**TASK BRIEF:** The required result is an exact copy of the lines from the one containing "RxBenefits Logo-2" to the last line of the records, both ends included, without pictures.

**Crawled caption data:**
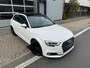 Audi A3 Sportback 1.5 TFSI Sport 150PK PDC/LMV-18/NAVI/PANO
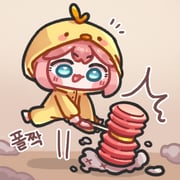 Post 10909943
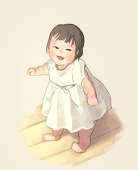 らむに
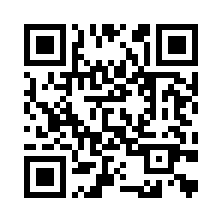 QR Code for 1GeAPSTQSLNsKAbcp8mtVB7QJLmZhyqLSC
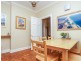 17 Penarth Ave, Beaumont SA 5066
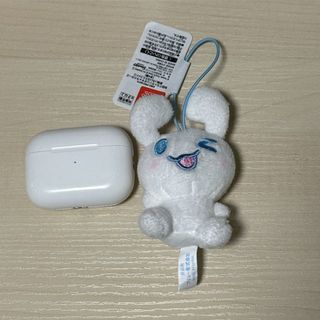 （分類：）位於 。 由 kaikaifrog 提交（商品編號 1460368058，圖片 1）。簡介： 。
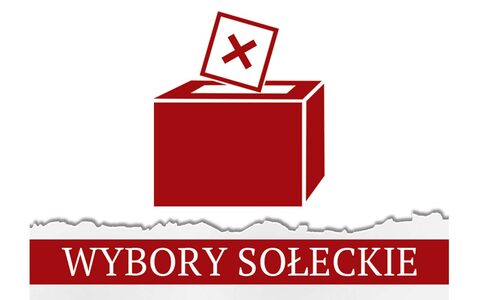 Wybory Sołeckie – 6 października 2024 r. - sposób głosowania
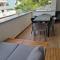 Alena Home - Prestige and new apartment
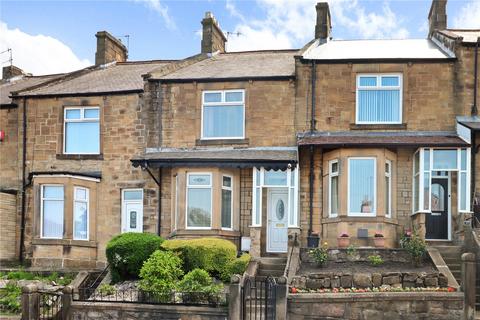 undefined, Bowland Crescent, Blaydon NE21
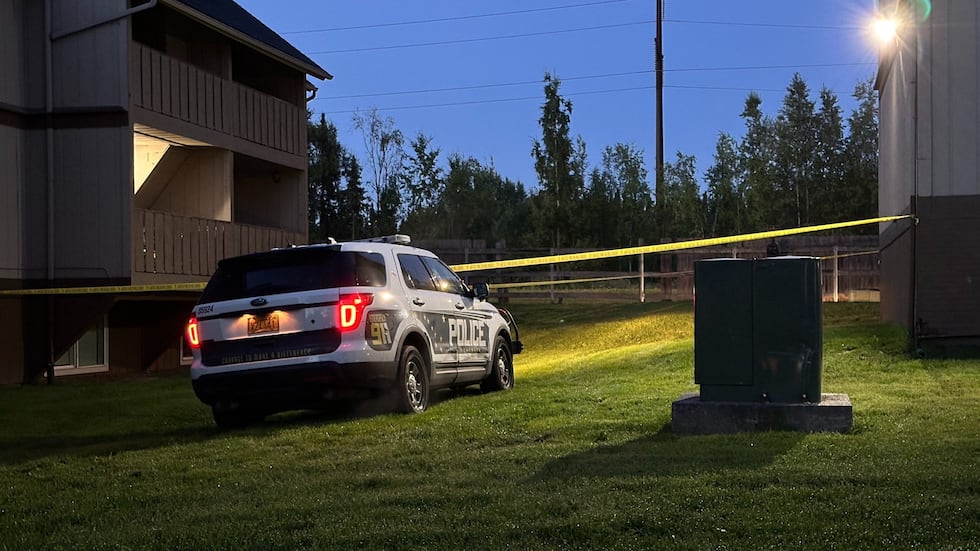 A suspect is dead following an early morning officer-involved shooting in the University Area...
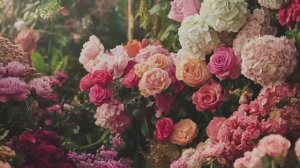 САДЫ БРИТАНИИ  ТАЙНЫЙ САД • ИДЕИ И ВДОХНОВЕНИЕ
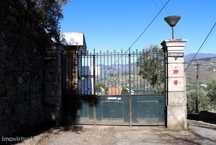 Quinta  para venda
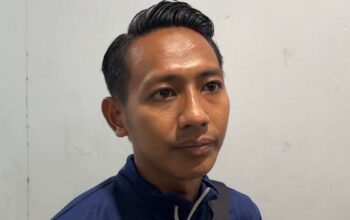 Sudah Jalin Kontak, Beckham Putra Berpeluang Dipanggil John Herdman ke Timnas Indonesia untuk FIFA Series 2026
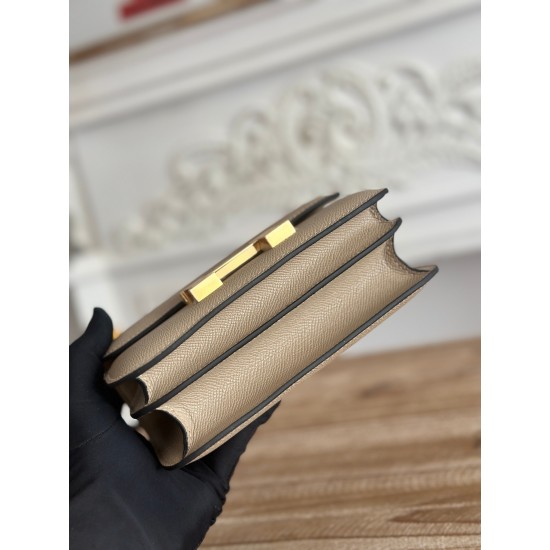 Hermes 0027 Hermes 0027
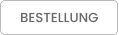 BESTELLUNG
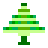 xmas.ico Preview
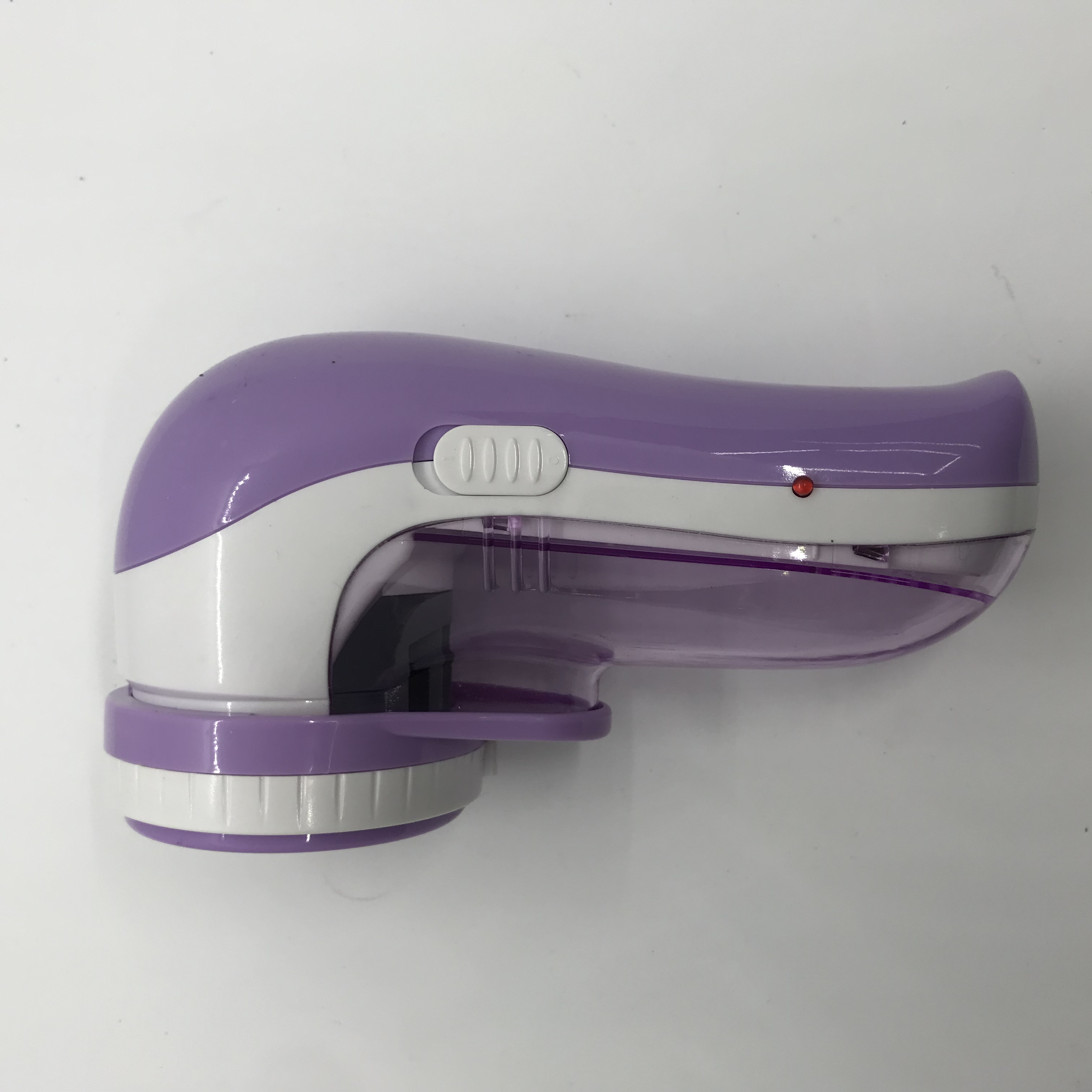 Feikai 5859 Rechargeable lint trimmer detail image 1
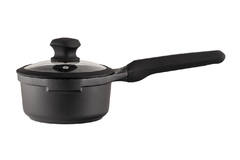 ���� � ������� Kuro Induction 1,2� 50426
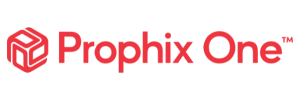 Prophix Image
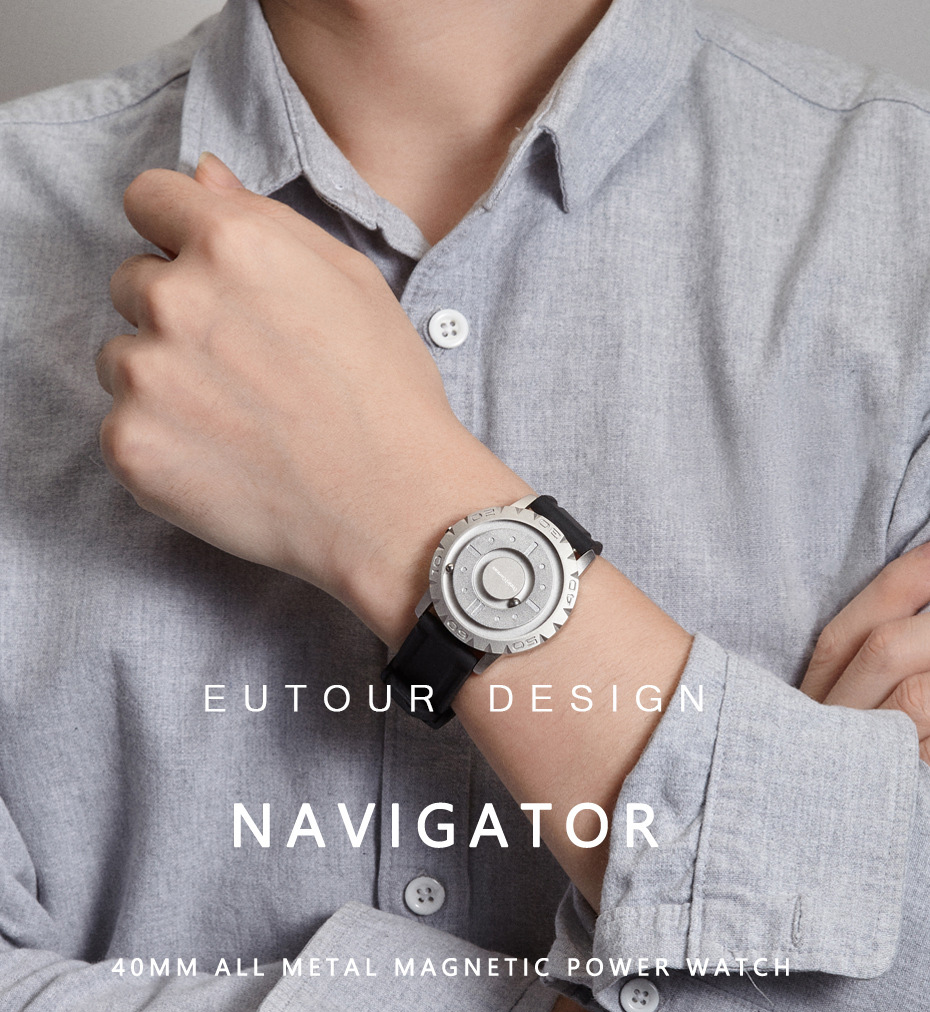 1655689068.jpg 详情-01_01.jpg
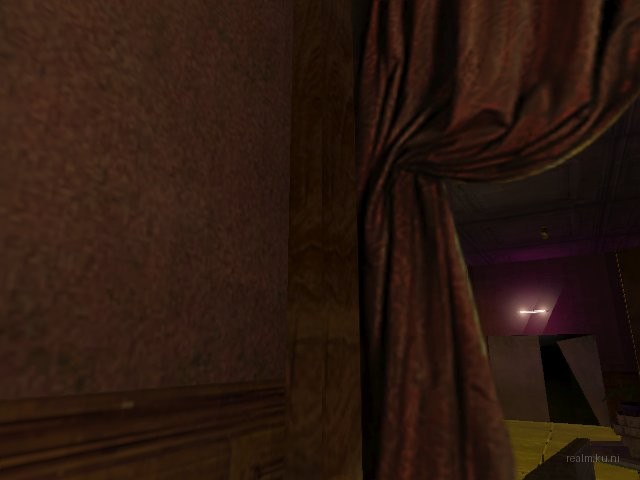 fy_slut_machine_beta thumb 8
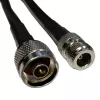 Hismart TV990788 Koaxialkabel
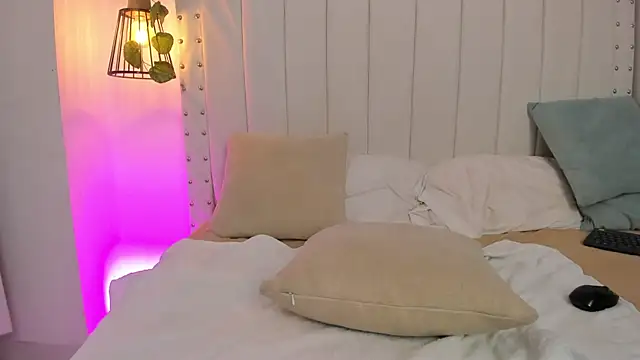 hannah_gray webcam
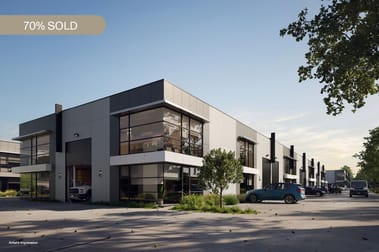 1-41/4 Peacock Road Tyabb VIC 3913 - Image 2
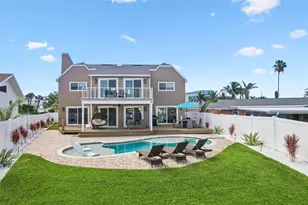 311 22nd St, Belleair Beach, FL 33786 - Photo 68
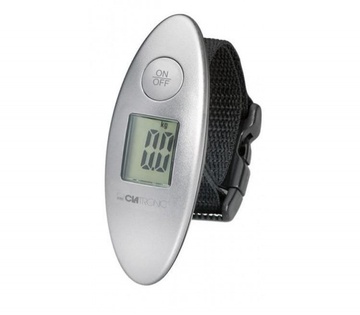 Clatronic GW 3549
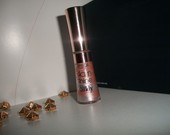 L'oreal glam shine "miss candy"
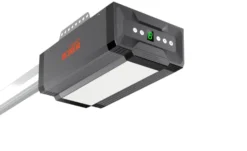 Boxer 5000 Premium garageportåbner 1000N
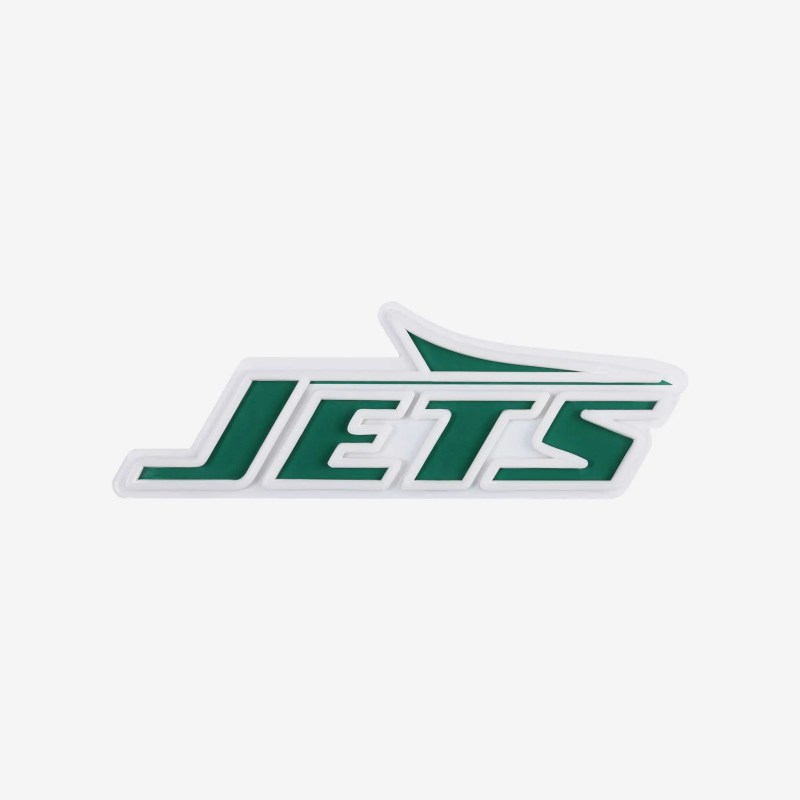 Sgnnflunetmsnj P 2048x.jpg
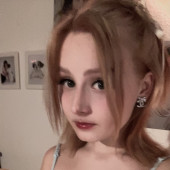 Jouerdis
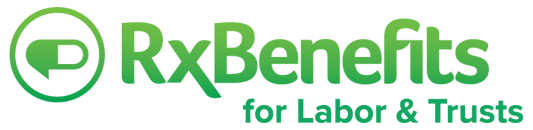 RxBenefits Logo-2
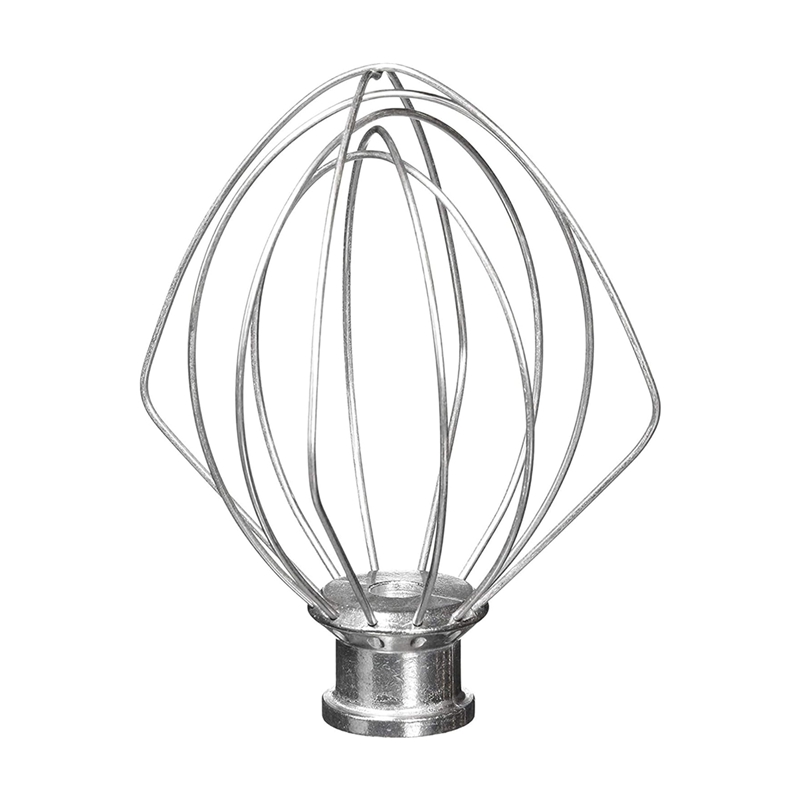 Kitchenaid Mixer Hand Mixer - K45WW Accessoire de fouet à 6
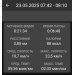  Hochgeladen am 23.05.2025 00:00:00Павлюк Илья 
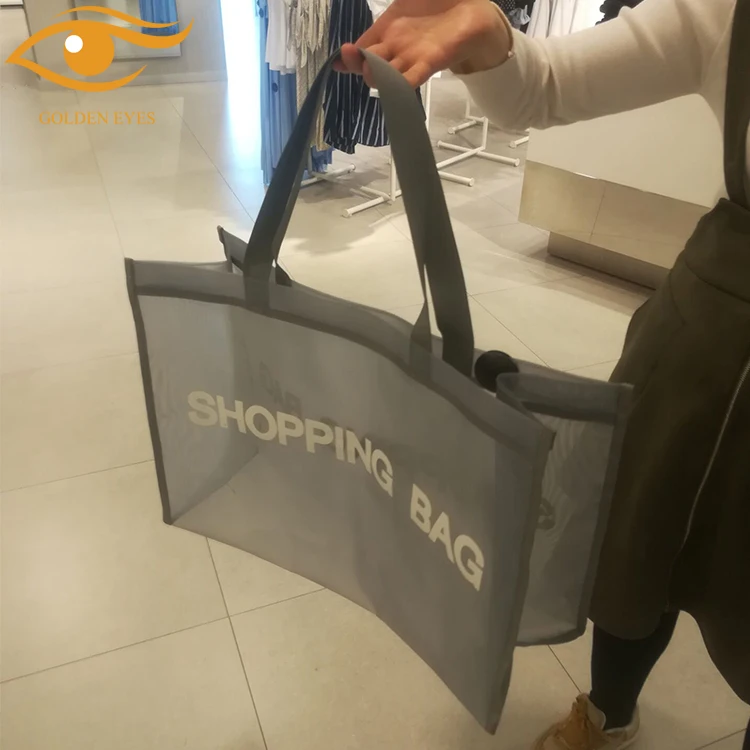 nylon mesh bag  (12) .jpg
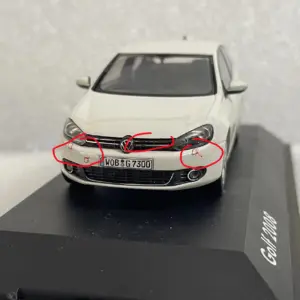 Sba4d5a3961b048f681d218688fc781a93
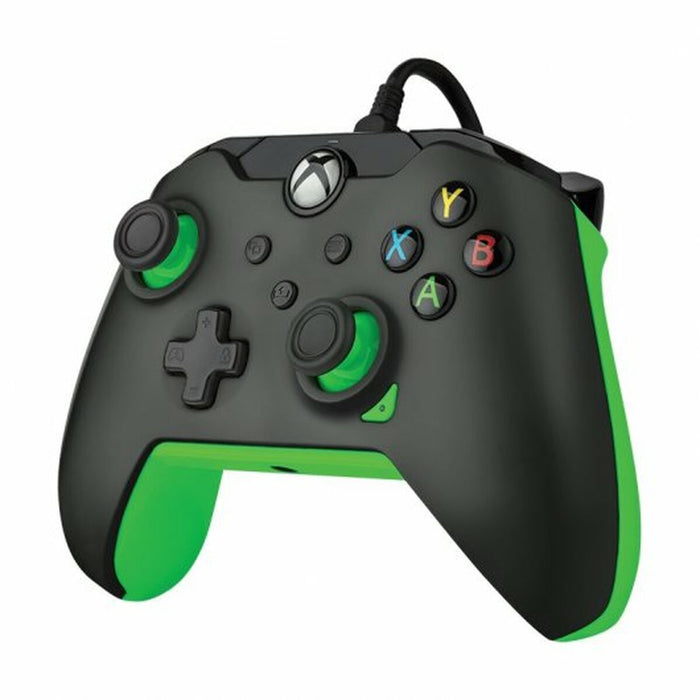 Telecomandă Jocuri Gaming PDP 049-012-GG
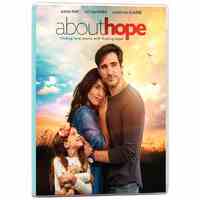 About Hope
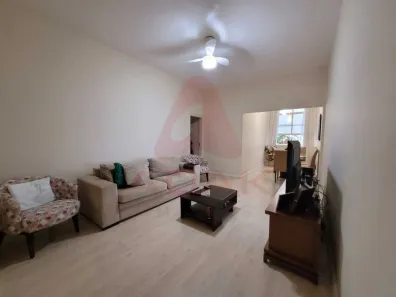 Apartamento com 3 Quartos à venda, 85m² no Copacabana, Rio de Janeiro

**RESULT OF THE EXERCISE:**
 RxBenefits Logo-2
 Kitchenaid Mixer Hand Mixer - K45WW Accessoire de fouet à 6
  Hochgeladen am 23.05.2025 00:00:00Павлюк Илья 
 nylon mesh bag  (12) .jpg
 Sba4d5a3961b048f681d218688fc781a93
 Telecomandă Jocuri Gaming PDP 049-012-GG
 About Hope
 Apartamento com 3 Quartos à venda, 85m² no Copacabana, Rio de Janeiro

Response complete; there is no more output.